Transcribe the records below word for word, leaving every picture out.
Start of Block
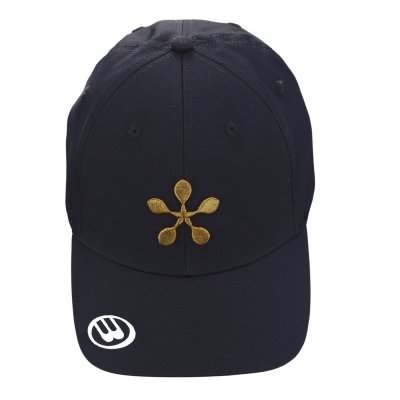 tienda de padel Madrid, tienda de padel online, tienda de padel españa, tienda de padel en linea, GORRA BULLPADEL BPG-PMR2504 CA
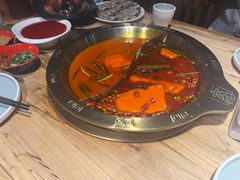 -宽窄巷子鲜牛火锅(北京首店)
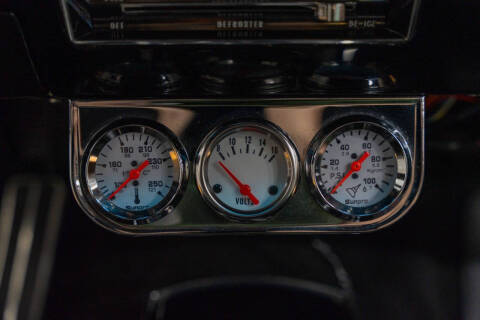 1967 Chevrolet Chevelle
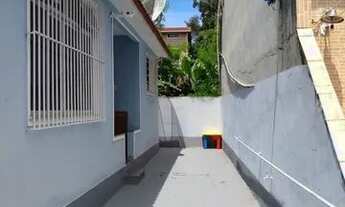 Imagem 2: VENDO CASA NA FREGUESIA (Francisca Sales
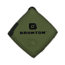 Brunton Pulse 1500 Portable Charger, Outdoor Green, 1x Charge F-PULSE-OG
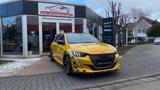 Peugeot 208 GT Pack/AHK/Neuwagenzustand/Garantie - Peugeot 208 GT-Pack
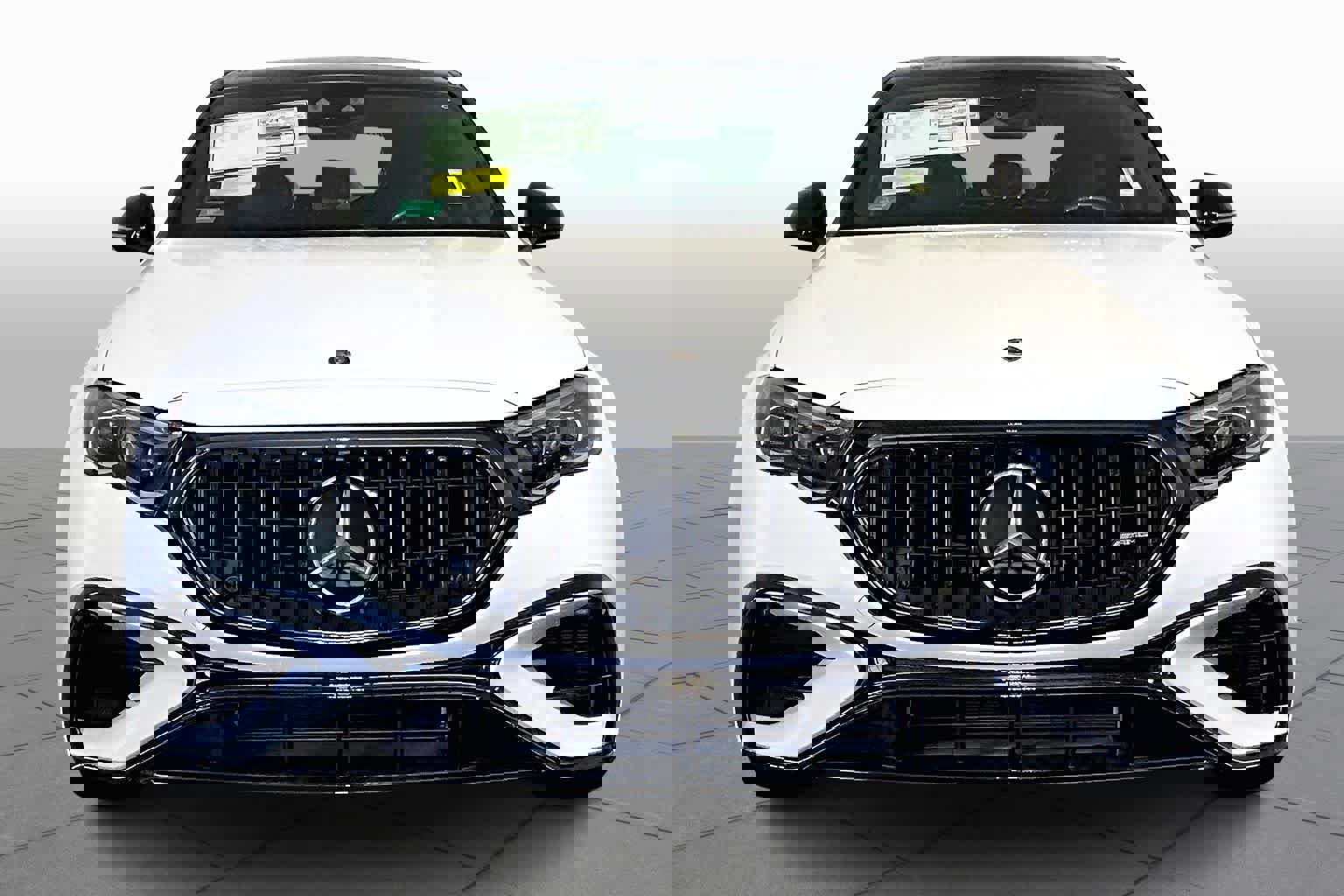 New 2026 Mercedes-Benz E 53 AMG e 4MATIC Sedan image 2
End of Block
Answer section:
 tienda de padel Madrid, tienda de padel online, tienda de padel españa, tienda de padel en linea, GORRA BULLPADEL BPG-PMR2504 CA
 -宽窄巷子鲜牛火锅(北京首店)
 1967 Chevrolet Chevelle
 Imagem 2: VENDO CASA NA FREGUESIA (Francisca Sales
 Brunton Pulse 1500 Portable Charger, Outdoor Green, 1x Charge F-PULSE-OG
 Peugeot 208 GT Pack/AHK/Neuwagenzustand/Garantie - Peugeot 208 GT-Pack
 New 2026 Mercedes-Benz E 53 AMG e 4MATIC Sedan image 2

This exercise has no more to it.